First and foremost let’s get something clear, there is no such thing as an “easy” college degree. Even after all of the TVC’s you have seen promising you a degree from the comfort of your living room. There is no such thing as an easy college degree. It doesn’t matter if you’re pursuing a degree at an online school or a physical campus there is simply no shortcut in achieving what you want to in life. Academic achievement will demand a significant amount of time and effort on your end.

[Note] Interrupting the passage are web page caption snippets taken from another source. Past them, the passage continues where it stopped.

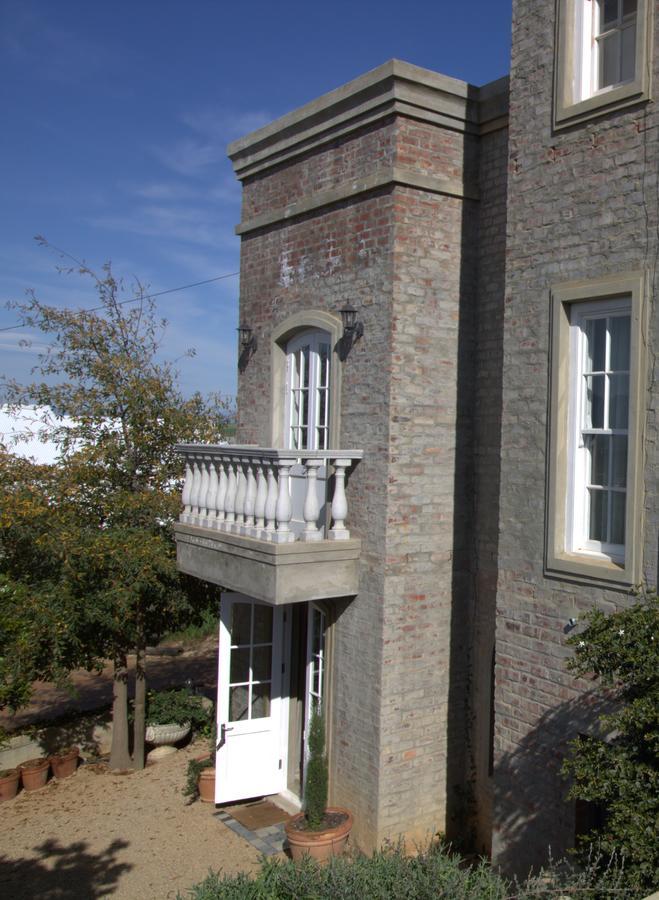 Villa Anna Katarina Riebeek-Kasteel Bagian luar foto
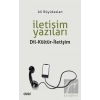 İletişim Yazıları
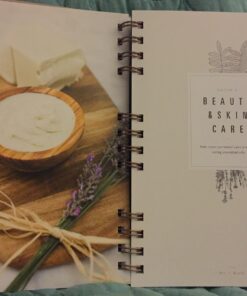 Oil + Glass Recipe Book 32 71XBQ3tVZOL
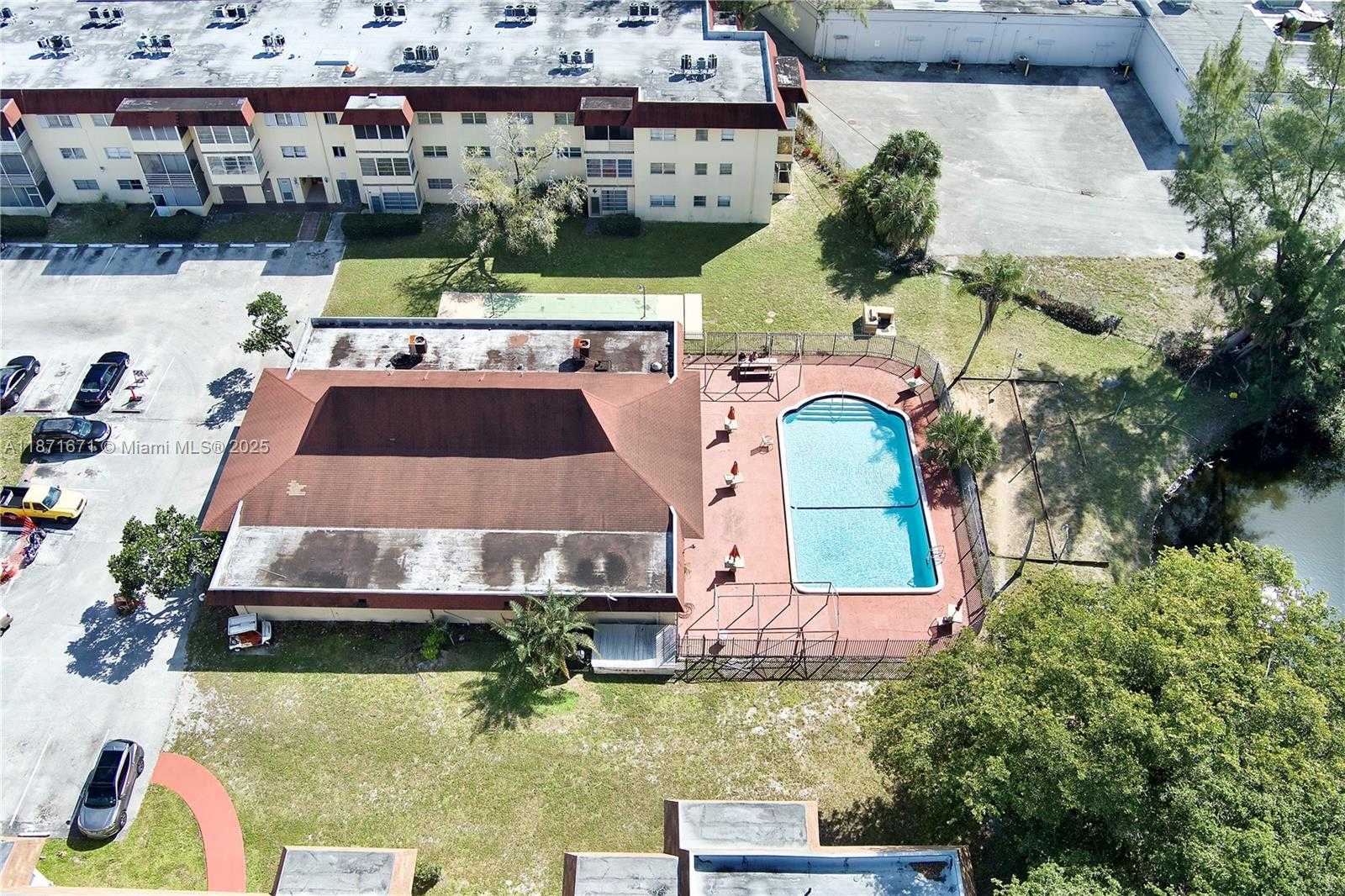 Small Image of 4047 NORTH WEST 16TH ST #305, Lauderhill Number 10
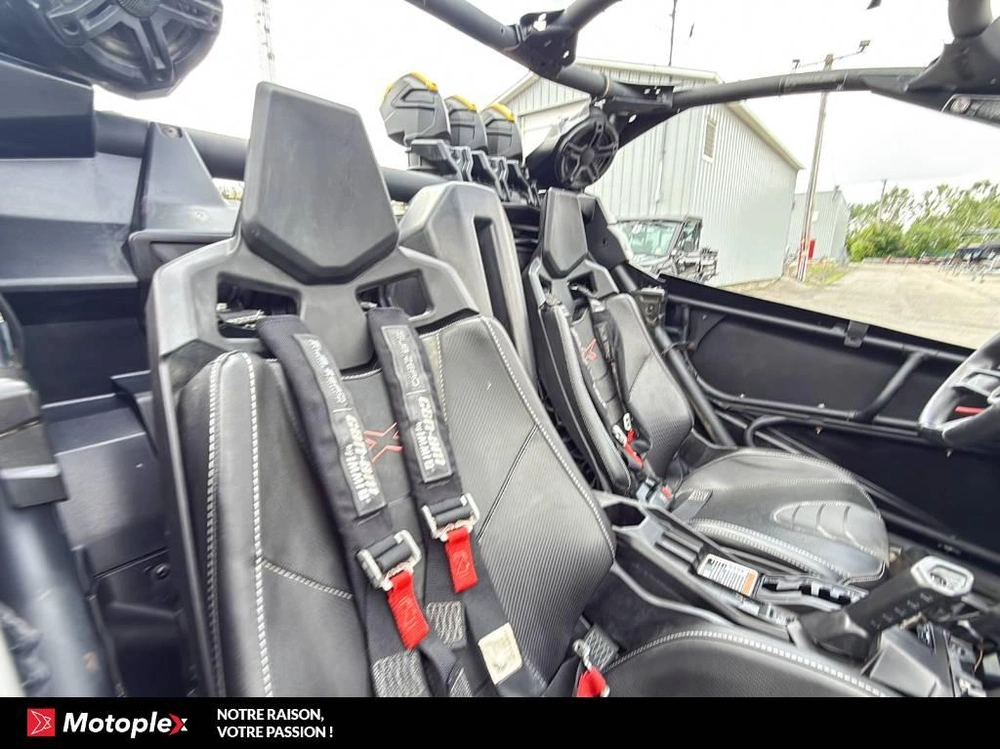 Can-am Maverick X3 Ds Turbo Rr 2021 alt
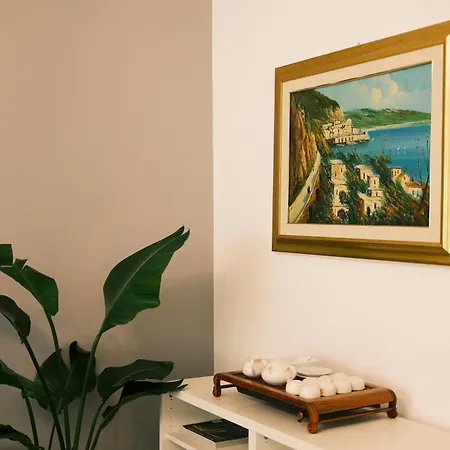 Appartement Termini Rita House Rome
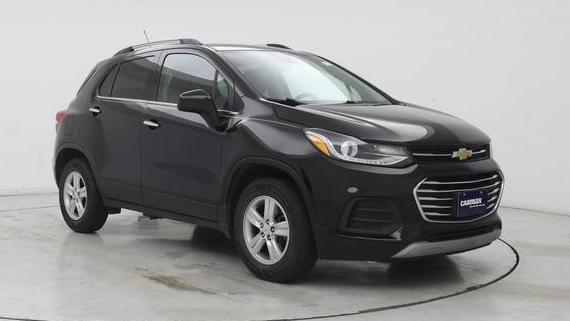 CHEVROLET TRAX 2019 KL7CJPSB8KB845247 image CHEVROLET TRAX 2019 KL7CJPSB8KB845247 image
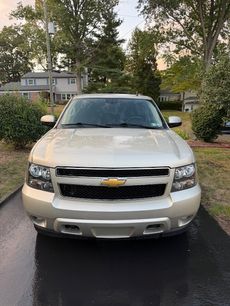 Used 2013 Chevrolet Tahoe LS w/ Convenience Package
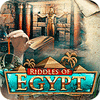 Riddles of Egypt juego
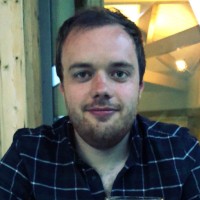 Mathew Westlake-Toms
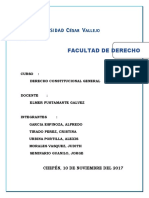 Concepciones Ordenamiento Constitucional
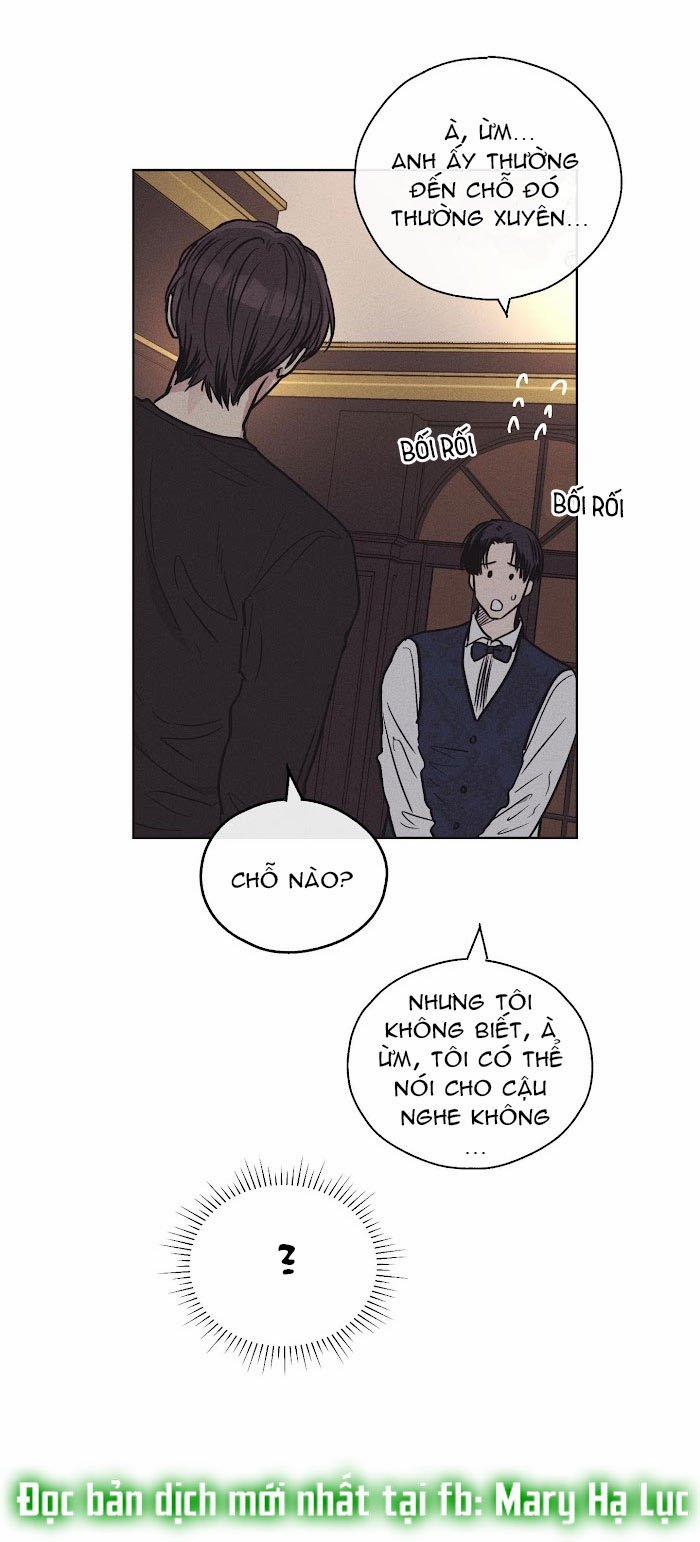 Phục Thù - Pay Back 19.1 trang 21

With that being said, not all college degrees require the same amount of time and effort from your side. Figuring out which degree and field of work suits you best depends greatly on your personal abilities and the university you decide to study at. Math is something that may come naturally to some people, but for some people math might as well be an alien language.
Similarly, some people might be great writers while others may struggle to form a coherent sentence. Each person is designed differently from birth and the major you select will depend greatly on these personal abilities. Some schools are far more rigorous and demanding than others. This too will influence the difficulty of a degree.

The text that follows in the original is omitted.